#RIPJKROWLING
Best-selling author of Harry Potter books J.K. Rowling never ceases to disappoint her fans around the world. Following her transphobic comments and tweets earlier, now it seems the literary world is shaken once again with Rowling’s cross-dressing serial killer character, which she puts in her new novel Troubled Blood.
Published under the pseudonym Robert Galbraith, Troubled Blood follows the case of a woman, missing since 1974, who was thought to be a victim of a serial killer. What’s problematic is that the serial killer character is a man who dresses as a woman in order to abduct and kill a woman as portrayed in one scene in Rowling’s new book.
Trans advocates have criticised such a character as “deliberately enforcing an awful trope about transgender people”. And fans of the Harry Potter book series were also among people who expressed their anger towards such an offensive movement.
One fan even wrote on Twitter: “The hardest part of being a Harry Potter fan is J.K. Rowling herself.”

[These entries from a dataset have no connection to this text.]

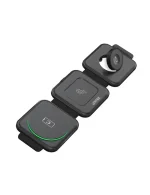 Cargador Inalámbrico Magcharge 3 en 1 P1223A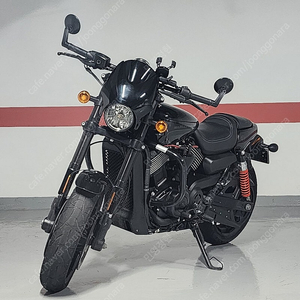 할리데이비슨 스트리트 로드 750 XG750A 2018년식 17,500km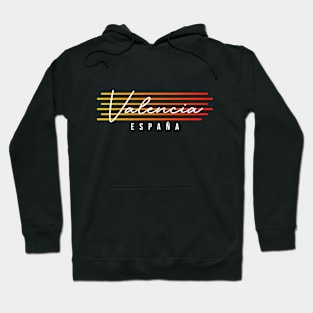 Valencia Spain Souvenir Gift Hoodie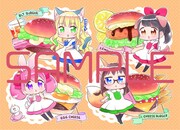 メロンブックス特典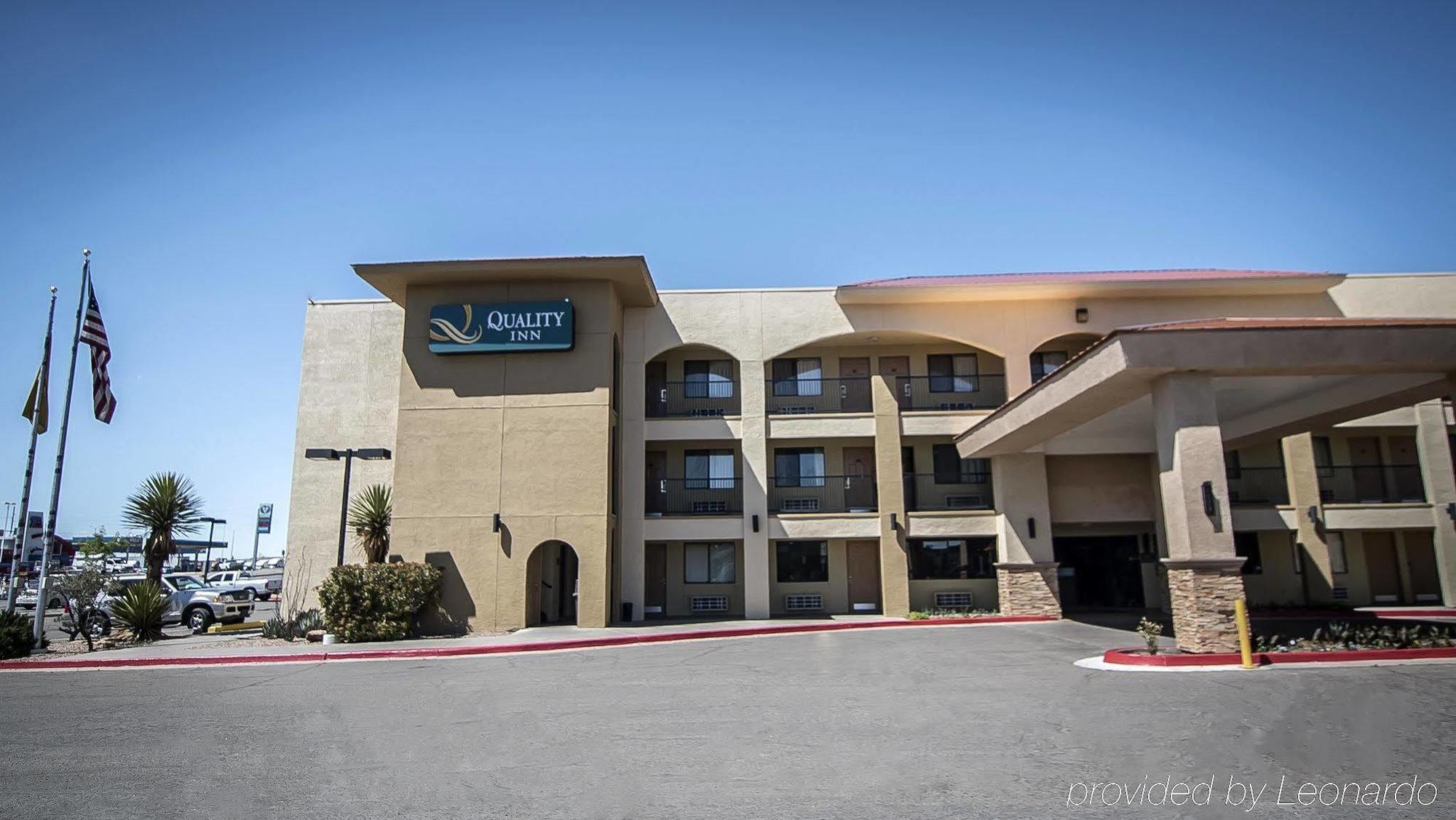 Red Roof Inn Albuquerque - Midtown المظهر الخارجي الصورة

Despite such a hot debate in the literary world, all versions of Troubled Blood — be they hardback, audiobook or Kindle — have ranked in the top five in Amazon’s best sellers’ list.
Daniel Radcliffe — who played Harry Potter — earlier criticised Rowling’s anti-transgender tweets. He wrote in a blog post for the Trevor Project, an LGBTI youth suicide prevention group: “Transgender women are women.”
At pretty much the same time, Eddie Redmayne who stars Newt Scamander in the Fantastic Beasts franchise also spoke out against Rowling’s transphobic movements. He said in a statement: “I disagree with Jo’s comments. Trans women are women, trans men are men and non-binary identities are valid.”